The Ed-Tech Bubble - lexilewtan
http://lexilewtan.tumblr.com/post/31002491505/the-ed-tech-bubble
There’s an education bubble, and there’s a tech bubble - but the ed-tech bubble isn’t fleshing out either.
======
tzs
> But found that I had no reason to stay in it, or to fight for my grade the
> way I did when a set of consequences were on my back.

So? I failed to ascertain from the article why this is supposed to be some
kind of problem.

Also, as far as I can see, quite a few people do find some reason to stay in,
and fight for their grade. I've taken several online courses:

• The Norvig/Thrun AI class at Stanford

• Thrun's robot car class at Udacity

• Evans' applied cryptography class at Udacity

• Jackson and Shoham's game theory class at Coursera

• Ng's machine learning class at Coursera

• Abu-Mostafa's learning from data class at Caltech

At most of these, the forums were full of people who evidently found a reason
to stay in. Whenever there was any ambiguity in a question, there would be
spirited discussion and vigorous arguments from those who thought that the
ambiguity had cost them a point.

There did tend to be more of this on Udacity courses than on Coursera courses.
I think it because the Udacity forums are based on a Stack Exchange clone,
whereas the Coursera forums are more like traditional forums.

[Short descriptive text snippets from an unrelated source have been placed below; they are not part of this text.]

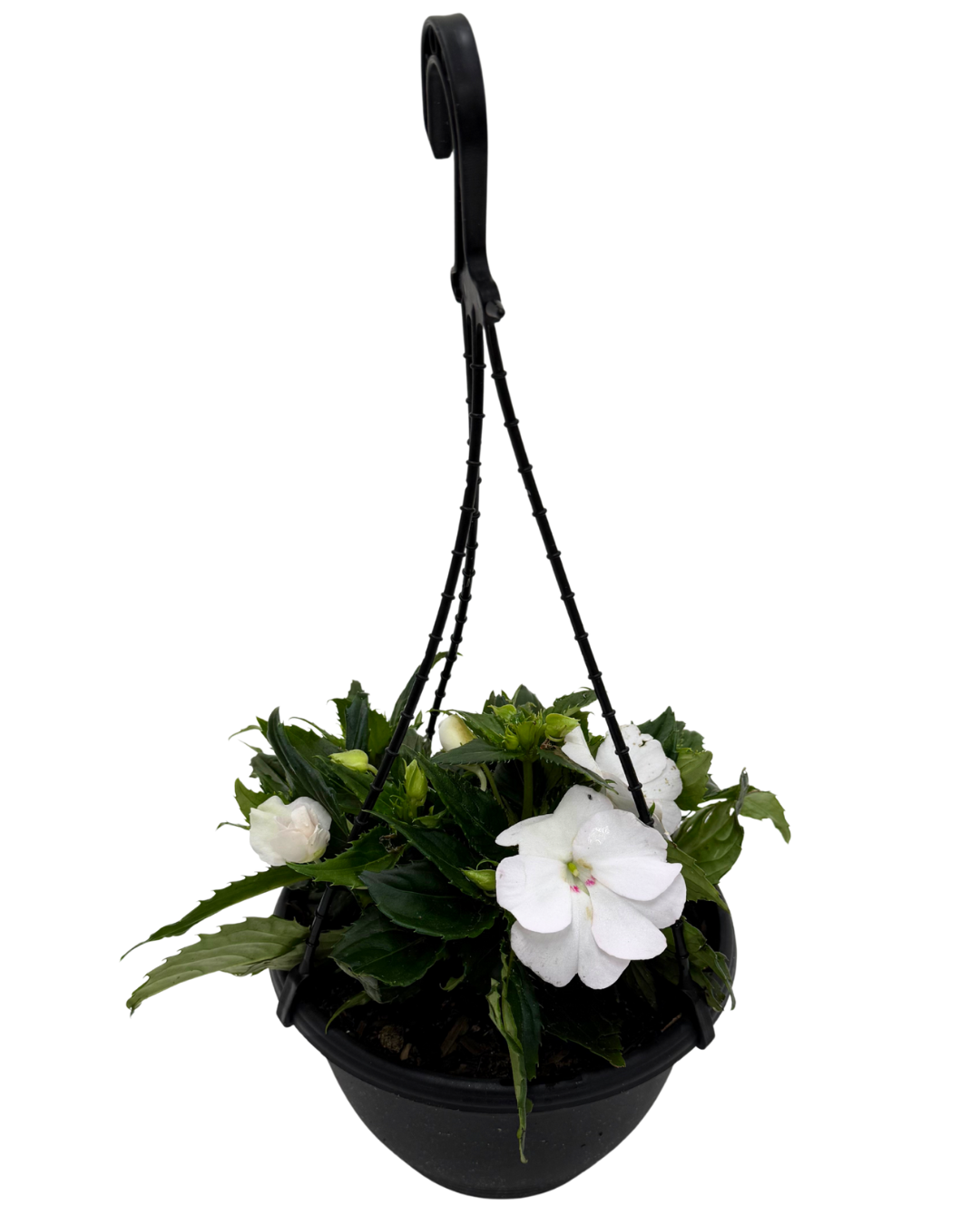 Sunpatiens White - Hanging Basket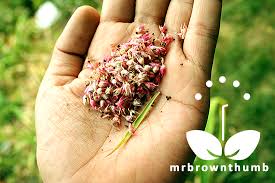 How To Save Cockscomb Seeds Mrbrownthumb Rose Seeds Fall Garden Vegetables Planting Bulbs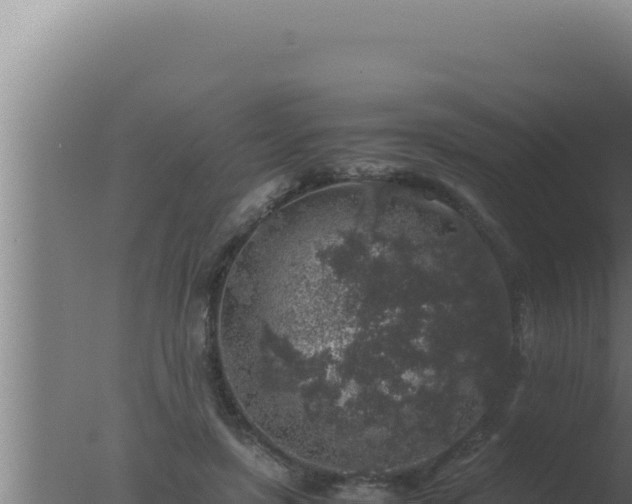 X0000077380451200610271950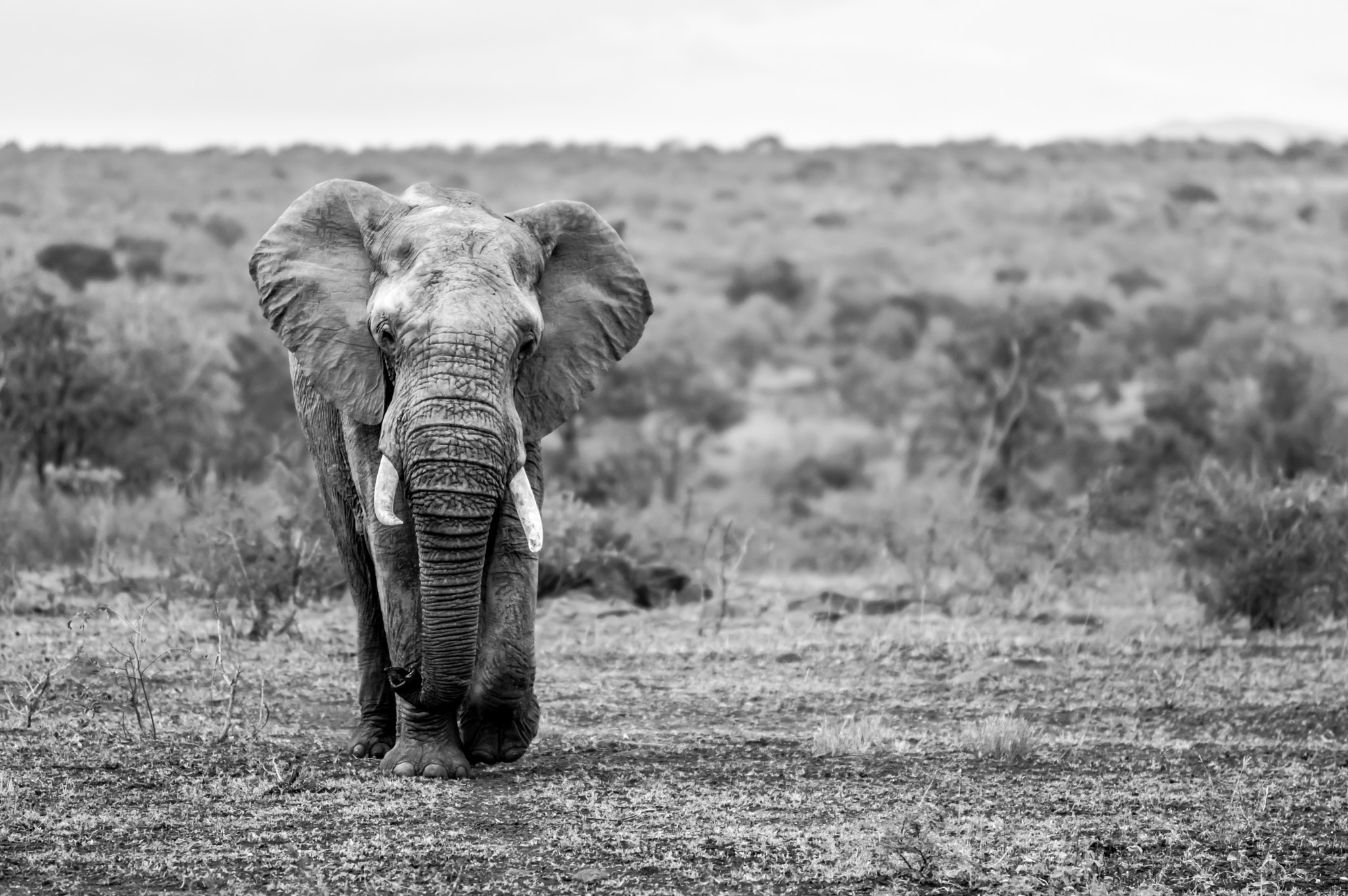 Pentax K-3 sample photo. Elephant incoming 2 photography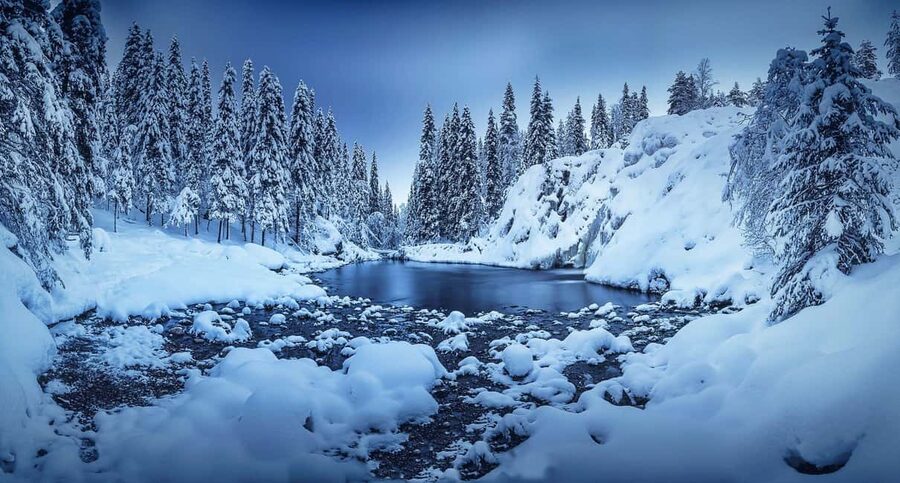 Rovaniemi: Snowy Forest Like in the Movies 3 Hour Tour - Three Hours With Time to Stop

On the other hand, the Caltech learning from data course had some good forum
action, and its forums are quite plain and simple, so I don't think forum
software explains the difference between Udacity and Coursera. Part of it
might be that Abu-Mostafa frequently answers questions on the forum, whereas
at Coursera I didn't see the professors on the forums much--only TAs.

If you need some kind of threat looming over you in order to motivate you to
stick with a course and no such threat is available, why take that course? Go
take some course in a subject that actually interests you enough that learning
more about it is sufficient motivation.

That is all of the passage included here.